Le grand chambardement
Les grandes manœuvres ont débuté. Chacun a reçu une liste des tâches qui lui sont dévolues avant la date fatidique. Nous avons déjà acheté le poêle à pellets. Reste à l’installer ! L’homme appellera Vierendeels et Coquibus, Electrabel et Telenet. Granny relira ses contrats, recevra les représentants de Vierendeels et de Coquibus, évaluera les devis. Grand Loup apportera des caisses. Louve Chérie emmènera le chat Milord dans sa cage et son loup à elle creusera une porte, tracera un chemin, tirera une ligne électrique. Je rapatrierai chez moi tous les bouquins stockés dans la bibliothèque maternelle depuis mon mariage, je fournirai les vieux journaux et porterai le vieil aspirateur à la déchetterie en même temps que la cafetière déglinguée. Notre amie France viendra avec sa machine à coudre.
On va trier, donner, se débarrasser, emballer. On va pendre des rideaux et une crémaillère. On va déménager ! Ou plutôt ma poétesse nonagénaire de mère va déménager. Pour la quantième fois ? Nous ne comptons plus depuis longtemps, mais si cela vous amuse de le faire, c’est ici ! Et aussi ici.
Les déménagements sont pour nous une longue tradition familiale. Ils se préparent soigneusement, s’effectuent dans la joie, tiennent généralement leurs promesses. A bien y regarder, chaque changement d’adresse ou presque, chaque migration vers une autre commune, a fourni son lot d’avantages et de nouveaux agréments : ici, c’était de l’espace supplémentaire, là une jolie vue, un jardin ou une réduction de loyer. Il a fallu s’adapter : sacrifier un meuble, en acquérir un autre, prolonger le trajet en tram pour se rendre à l’école ou au boulot, escalader trois étages, acheter un taille-haie…
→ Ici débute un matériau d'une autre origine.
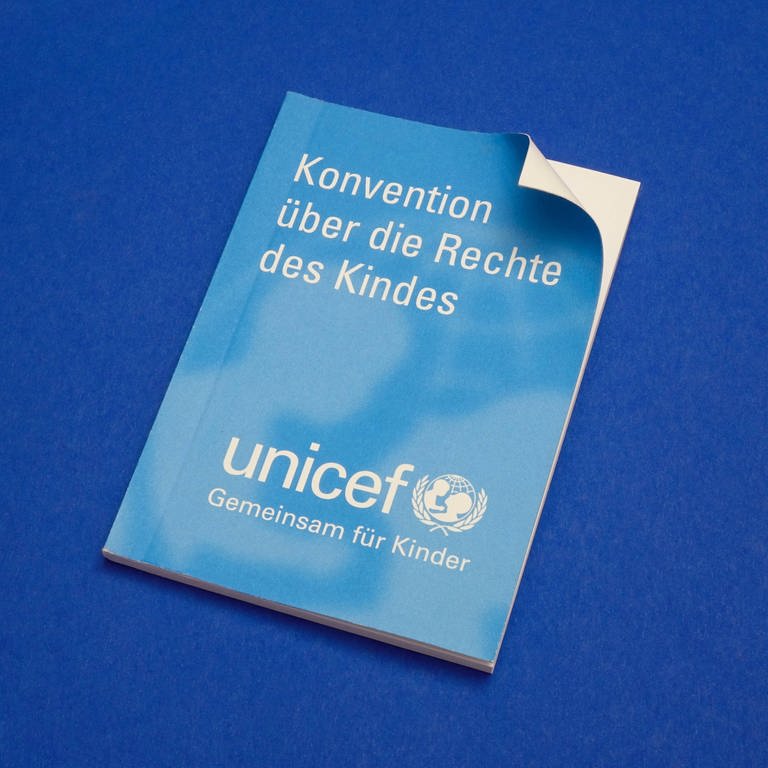 Broschüre von Unicef über Kinderrechte (Foto: WDR, Imago/Sascha Steinach)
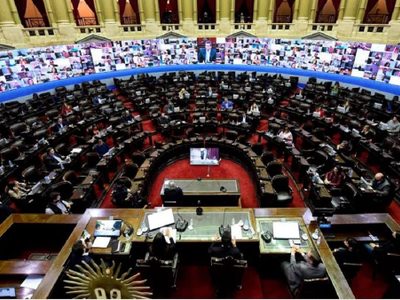 El Gobierno sumó otros 27 proyectos al pedido de juicio a la Corte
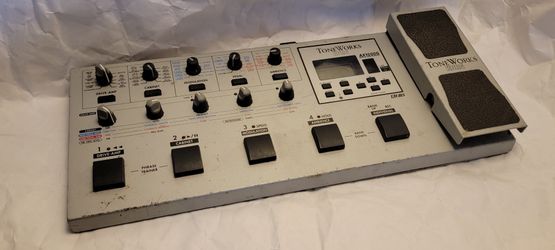 EXC COND Korg AX1000G Multi Effect Guitar Pedal Board!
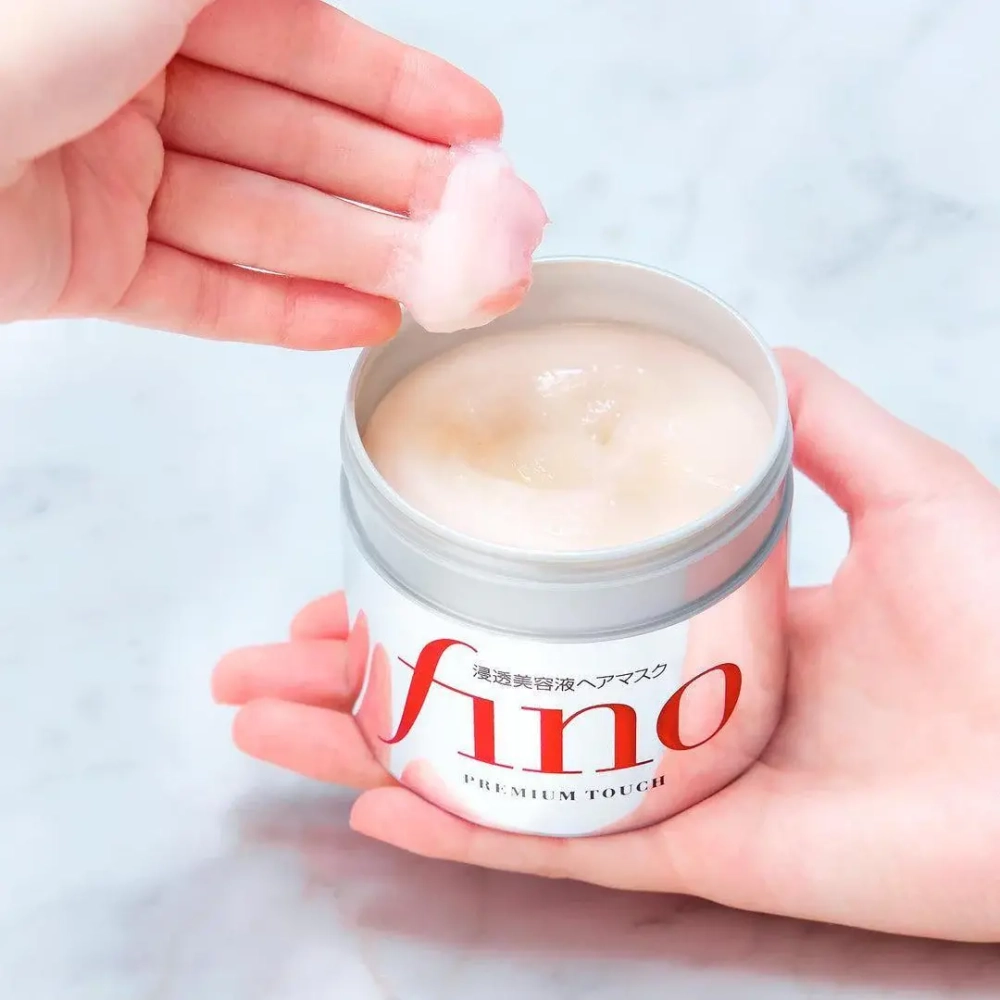 Shiseido FINO Premium Touch Hair Mask Маска для волос с маточным молочком с цветочным ароматом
Nos logements ont été aussi variés que les aléas de la vie qui les motivaient: naissances, mariages, décès, changement de boulot, bail arrivé à terme, vente de la maison par les propriétaires, évolution sociale… Cette fois, c’est bien sûr la fatigue liée au vieillissement qui a fini par imposer sa loi. Le coût actuel des loyers bruxellois aussi. Alors, nous est venu l’idée (aussitôt muée en envie) de réinventer la communauté comme elle se pratiquait au temps de nos (grands-)parents.
C’est Louve Chérie qui l’a proposé : avec son loup, elle dispose dans la région de Rochefort d’une grande demeure dont une aile est en partie inoccupée. Pourquoi ne pas transformer ces deux chambres attenantes à une salle-de-bains en salon/salle à manger et chambre/bureau pour sa grand-mère ? Elle y jouirait du calme nécessaire pour écrire ses poèmes et alimenter son blog, d’une vue bucolique sur la prairie aux chevaux et les vaches voisines, d’un souper en famille le soir.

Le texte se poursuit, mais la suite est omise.